W miniony czwartek (14.04) do Komendy Powiatowej Policji w Mońkach wpłynęła informacja z Miejskiego Ośrodka Pomocy Społecznej w Mońkach o przypadku podszywania się pod pracownika socjalnego.
Jak wynika z relacji jednej z kobiet, do jej mieszkania zgłosiła się 30-latka podająca się za pracownika socjalnego z Moniek. Oszustka obejrzała mieszkanie oraz zrobiła "wywiad" ze starszą panią, pytając o to czy mieszka sama, z czego się utrzymuje i czy ma dzieci. Te pytania oraz fakt, że seniorka mieszka w pobliżu ośrodka i zna z widzenia wszystkich pracowników, wzbudziły w niej podejrzenia.
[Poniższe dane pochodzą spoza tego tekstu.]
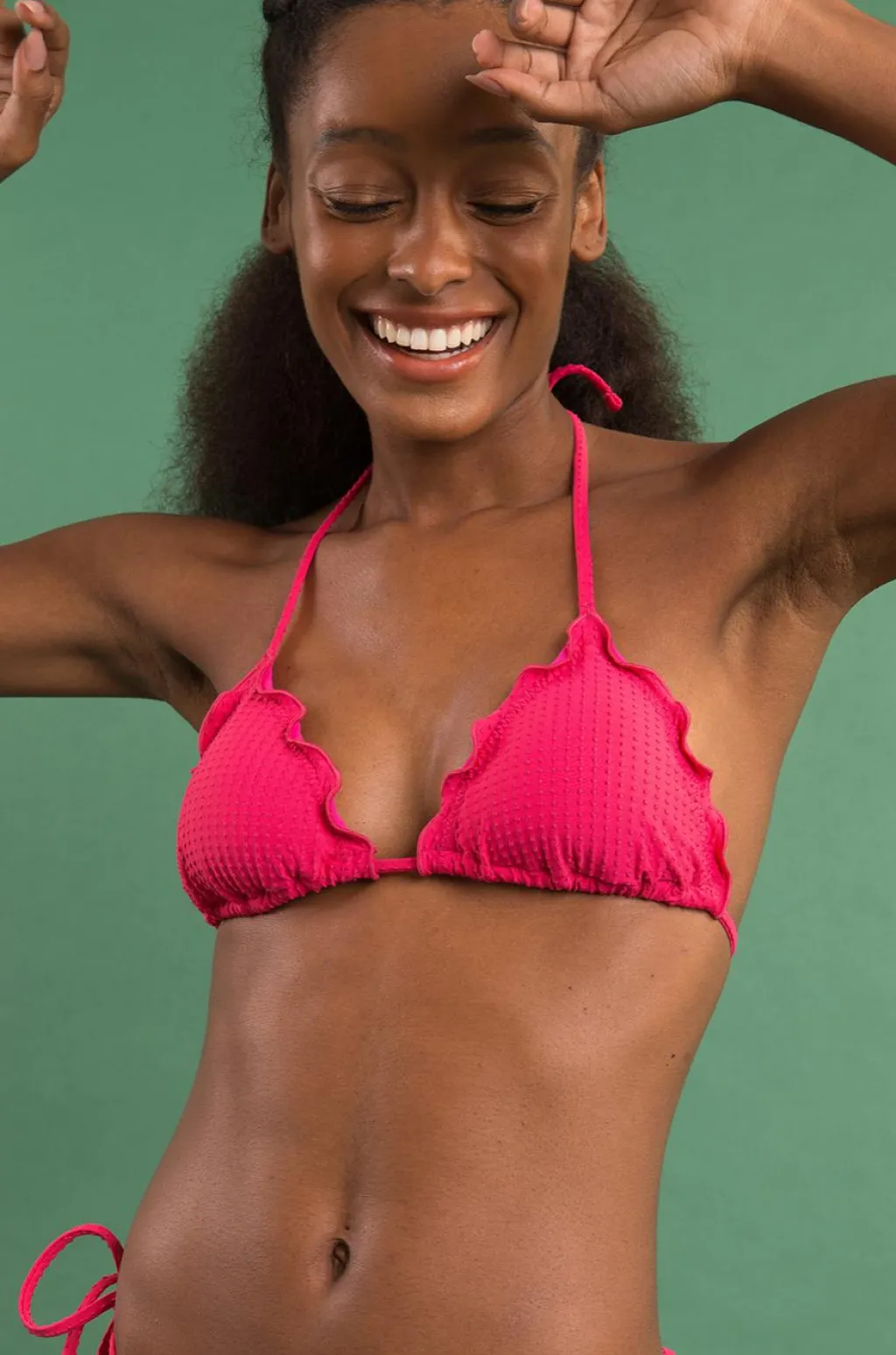 dots_virtual_pink_frufru__2.webp Outlet Dots Virtual Frufru Top Triangle Top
Dlatego też natychmiast po wyjściu kobiety udała się ona do ośrodka sprawdzić, czy w tym dniu faktycznie odwiedził ją pracownik monieckiego MOPS-u. Okazało się, że tego dnia żaden z pracowników pomocy społecznej w Mońkach nie był oddelegowany, by ją odwiedzić. Nie został też zatrudniony nowy pracownik, którego petentka by nie znała.
Wprawdzie do oszustwa nie doszło, jednak kobieta podająca się za pracownika socjalnego mogła robić rozpoznanie pod kątem popełnienia ewentualnego przestępstwa. Policjanci apelują do mieszkańców, aby o wszelkich próbach czy przypadkach oszustw informowali mundurowych.